If you were underweight before pregnancy, you'll have to put on extra weight quickly to catch up. Your provider can help you set healthy weight goals throughout your pregnancy.
Follow one woman through her pregnancy with twins and watch her give birth.
Will I need to take a special kind of prenatal vitamin?
Prenatal vitamins are important, but you don't need a special formula for twins and triplets. A standard prenatal supplement will do just fine.
A supplement is the best way to ensure that you get vital nutrients such as folic acid, iron, and calcium. Your provider can recommend specific brands and doses.
Women carrying more than one baby are at a higher risk for iron-deficiency anemia during pregnancy. Your provider will monitor your iron level to make sure you're getting enough. If you're not, she may recommend that you take an iron supplement.
High doses of iron can sometimes lead to constipation and nausea, so talk to your provider about ways to avoid these problems.

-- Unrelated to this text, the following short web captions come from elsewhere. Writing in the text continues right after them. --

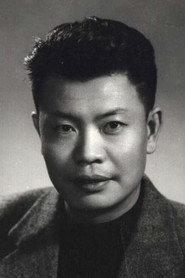 Yu Yanfu profile photo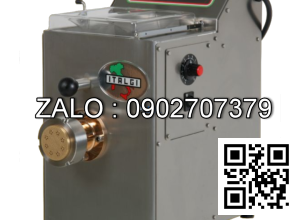 Máy làm mỳ ý Italgi Micra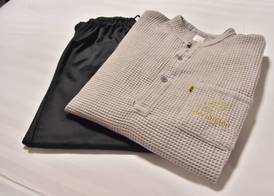 Dormy Inn Premium Otaru 5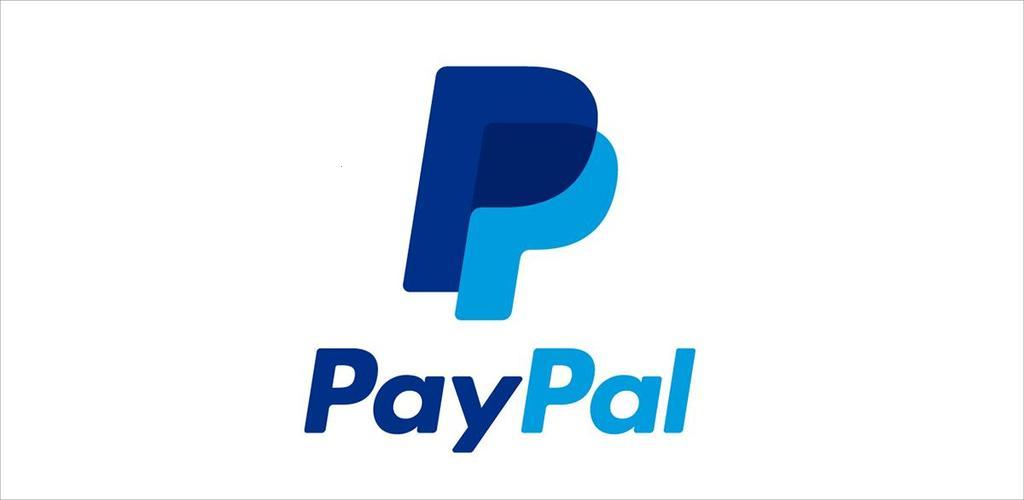 paypal17岁，科技界的幼齿大侠？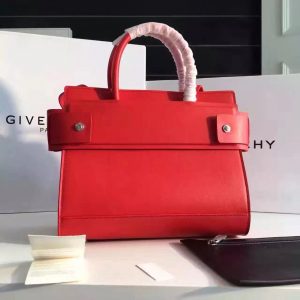 Givenchy Horizon bag - Image 5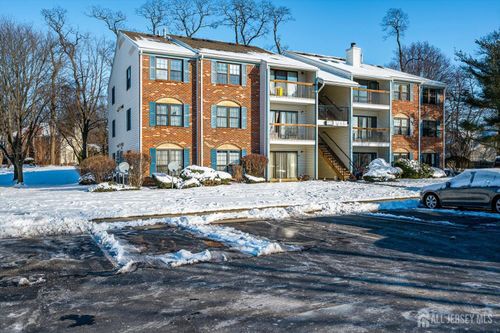344-344 Danbury Ln, East Brunswick, NJ, 08816-5113 | Card Image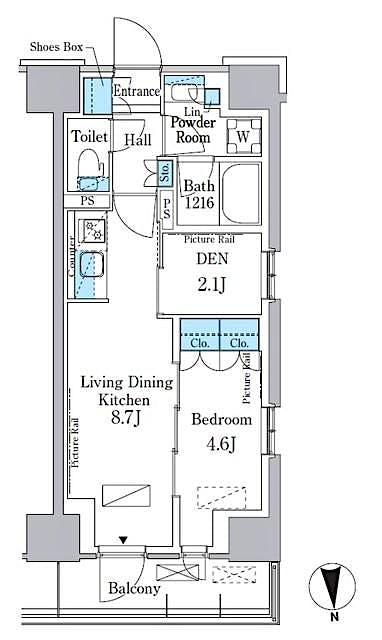 property_floorplan_filename
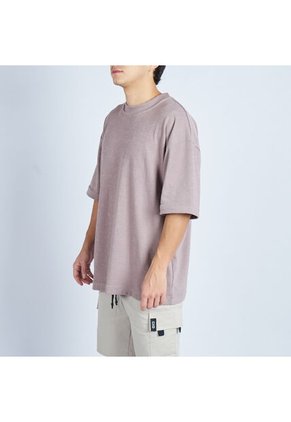 CAMISETA CHIPPO HOMBRE MCJ12778692 Talla XXL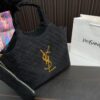 Replica Louis Vuitton Bag 29*35CM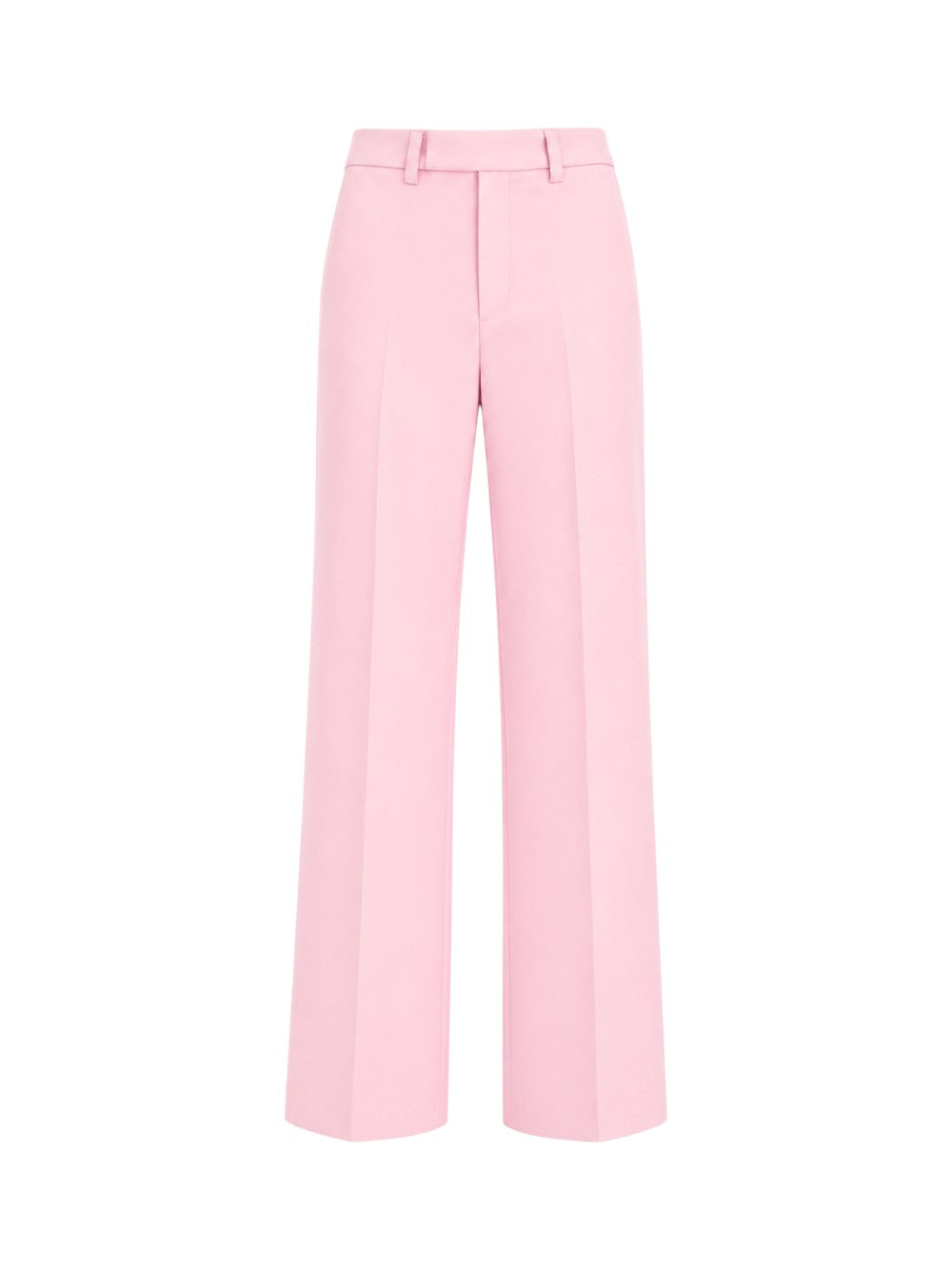 Liu Jo Pantalone Donna  CA6360T2200 P9634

How much water do I need if I'm pregnant with multiples?
Even if you're the type of person who never goes anywhere without a water bottle, pay extra attention to how much water you're drinking now that you're carrying multiples. Women who are pregnant with one baby are advised to drink 10 8-ounce cups of water (or other hydrating beverages) each day, so that's probably a good starting point for you too.
But every woman is different – you may need a little more or less water than someone else. Ask your provider for specific advice on fluid intake.

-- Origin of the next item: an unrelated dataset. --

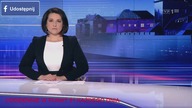 Wiadomości 19:30 | TVP 1 | 25-08-2021 | Środa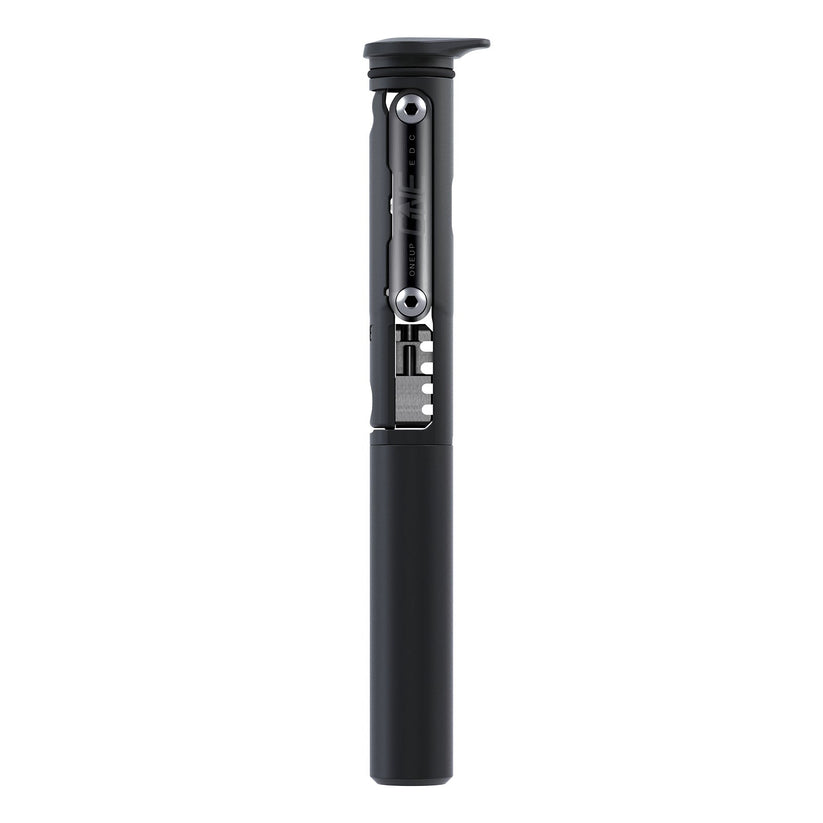 инструмент OneUp EDC V2 Tool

Of course, drinking extra fluids means you'll be making extra trips to the bathroom (especially as your babies grow larger), but you can use this as a chance to check if you're hydrated. Aim to drink enough water to keep your urine clear or pale yellow. If it's cloudy or dark yellow, drink more.
It's especially important to prevent dehydration in the second half of pregnancy because having multiples can raise the risk of premature labor and early delivery.
Can I exercise if I'm pregnant with multiples?
If you're a healthy, active woman with multiples on the way, you can probably continue to exercise during your pregnancy, as long as your provider gives you the go-ahead.
Keep it slow, relaxed, and gentle. Your body – and your babies – may not be able to handle intense workouts. Good options include swimming, walking, and prenatal yoga.
Be sure you're hydrated before, during, and after your workout. And no matter what exercise you enjoy, stop immediately if you develop signs of overheating, such as nausea, dizziness, or a racing heart.
That said, carrying more than one baby is a workout in itself, and some women may need to commit to extra rest or avoid doing certain types of exercise. For example, aerobic exercise may be off-limits if you're at risk of delivering your baby early.
Discuss your workout routine with your provider to make sure you and your baby stay healthy during your pregnancy, and be sure to tell your provider if you develop signs of preterm labor, such as abdominal pain or bleeding. Preterm labor is a reason for you to stop exercising altogether.